___ Recorded information
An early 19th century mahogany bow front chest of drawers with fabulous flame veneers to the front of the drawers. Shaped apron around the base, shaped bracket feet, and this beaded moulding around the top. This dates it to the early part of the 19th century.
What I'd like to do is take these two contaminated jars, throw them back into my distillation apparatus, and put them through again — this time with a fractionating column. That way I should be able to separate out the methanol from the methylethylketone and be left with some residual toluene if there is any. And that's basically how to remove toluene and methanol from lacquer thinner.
______
___ Recorded information
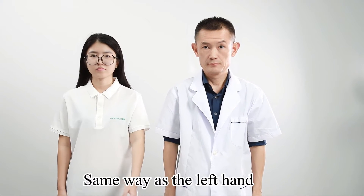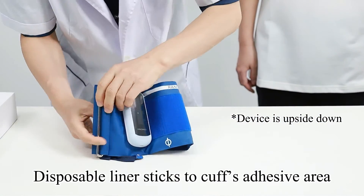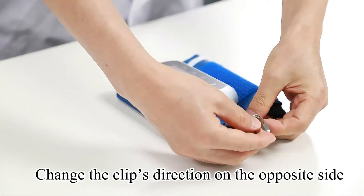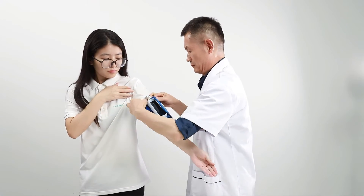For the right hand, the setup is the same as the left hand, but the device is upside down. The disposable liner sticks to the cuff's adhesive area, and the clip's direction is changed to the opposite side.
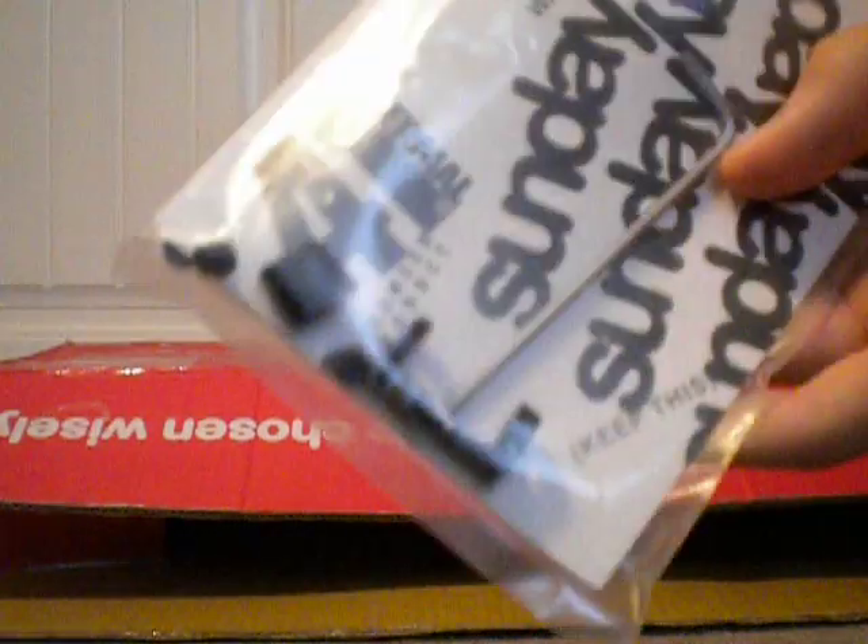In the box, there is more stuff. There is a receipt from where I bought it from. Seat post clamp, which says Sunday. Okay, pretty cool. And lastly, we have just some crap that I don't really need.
______
Assignment:
I'd like the lines above repeated exactly, from the one that contains "For the right" through the one that contains "In the box, there", with no pictures.

Solved problem:
For the right hand, the setup is the same as the left hand, but the device is upside down. The disposable liner sticks to the cuff's adhesive area, and the clip's direction is changed to the opposite side.
In the box, there is more stuff. There is a receipt from where I bought it from. Seat post clamp, which says Sunday. Okay, pretty cool. And lastly, we have just some crap that I don't really need.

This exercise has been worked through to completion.